The United States’s corporate-leaning Supreme Court is hearing a case that has the potential to forever change the landscape of political finance contributions. The Court’s decision in McCutcheon v. FEC is likely to take the few remaining holds on campaign contributions off and create the next largest shift in campaigns since Citizens United.
The current case is seeking to overturn campaign finance laws that have been a part of the American political system for more than 30 years. These laws regulate the maximum amount that an individual can contribute to a particular politicians campaign and the aggregate amount that an individual can contribute to federal elections. McCutcheon is arguing that the limits on personal expenditures is unjustly infringing on an individuals right to free speech.

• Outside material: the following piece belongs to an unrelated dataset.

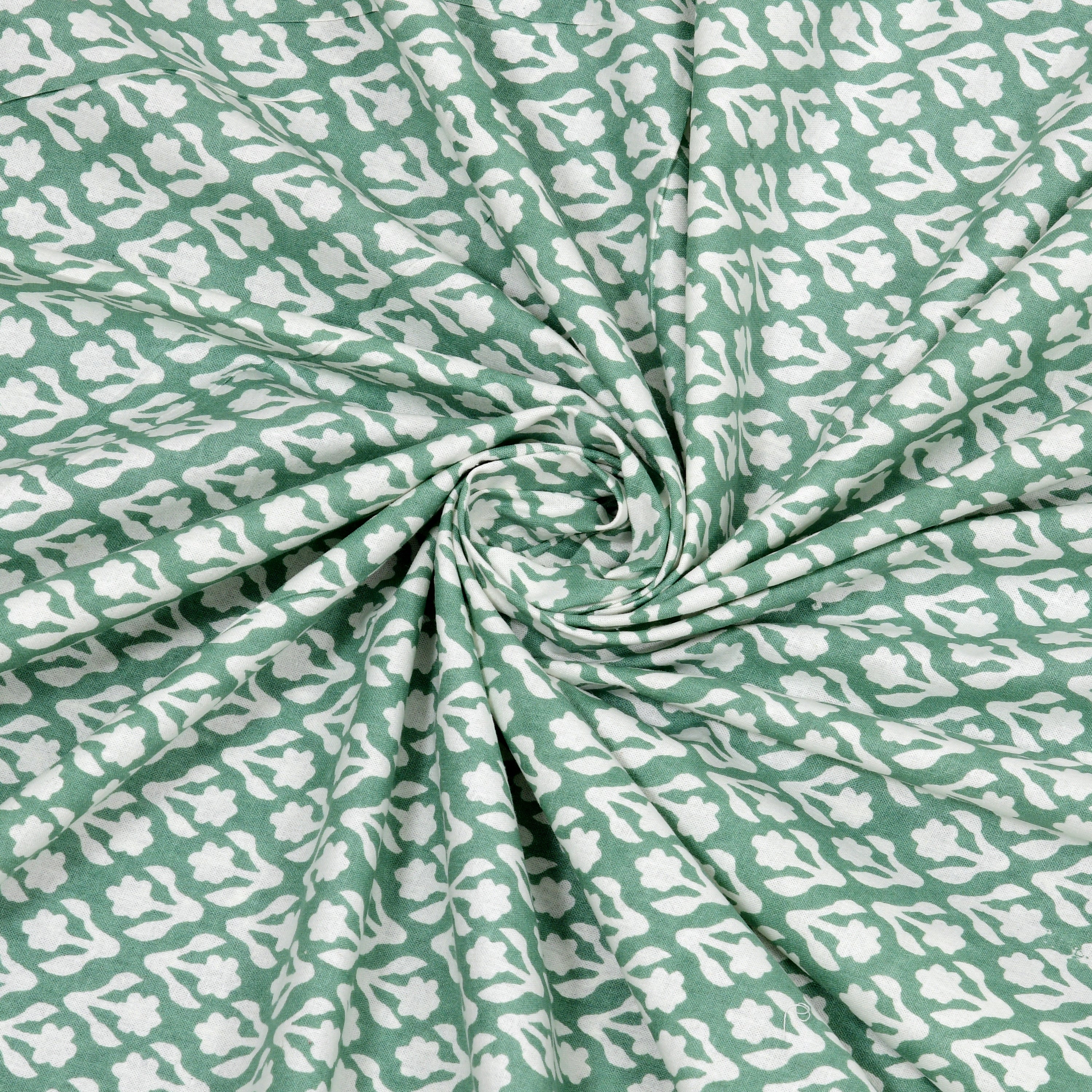 Rajasthani Jaali Printed Cotton Bedsheet - Sea Green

The same form of argument won in the Court’s approval in 2010, allowing for the open season of PACs. Individuals are not limited in the amount they can contribute to PACs, and the PACs are allowed to produce content on behalf of a candidate so long as they adhere to the campaign laws that govern the coordination of the PAC with the campaign – a laughable firewall to most.
However, as the current laws stand, Congress has imposed limits where an individual cannot contribute more than $123,200 in an election cycle. This was done to prevent individuals from being able to contribute to various organizations while knowing that, in actuality, the money will make its way to the politicians and political parties those individuals seek to support. Thus, undermining the very structure of campaign finance restrictions.

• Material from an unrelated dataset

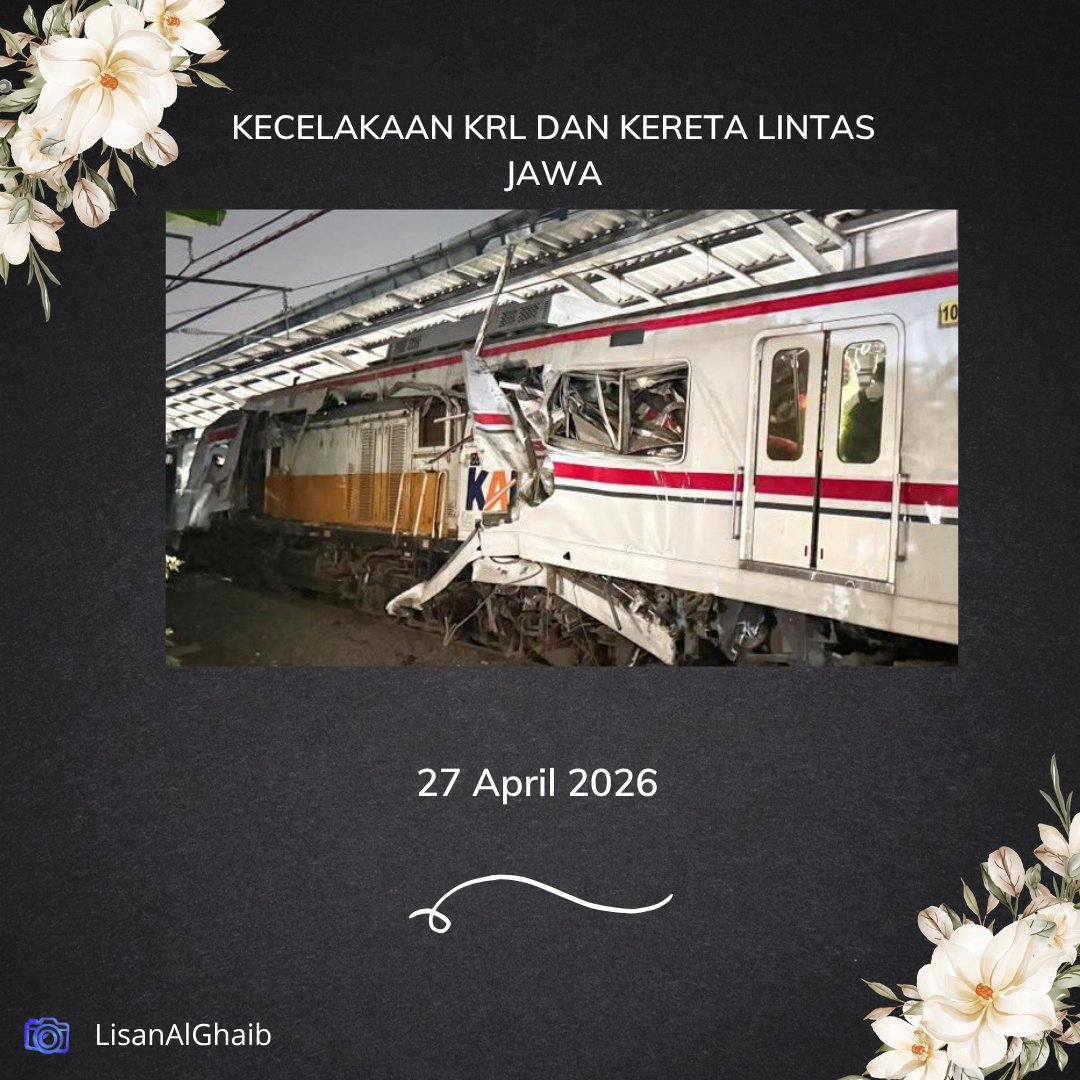 Not eaJ or Jars related 🥀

What will the Court decide? If the Court’s decisions in Citizens and Shelby County are any indication of its leanings, voters should prepare themselves to see the political landscape make a seismic shift. The only question that seems to remain is whether the Court will make direct contributions equitable to freedom of speech or freedom of association. If direct contributions are viewed as speech, the ability of the government to restrict is much less. Whereas, if direct contributions are ruled to be equitable to association, there may still be hope to restrict it and prevent the waters from rising.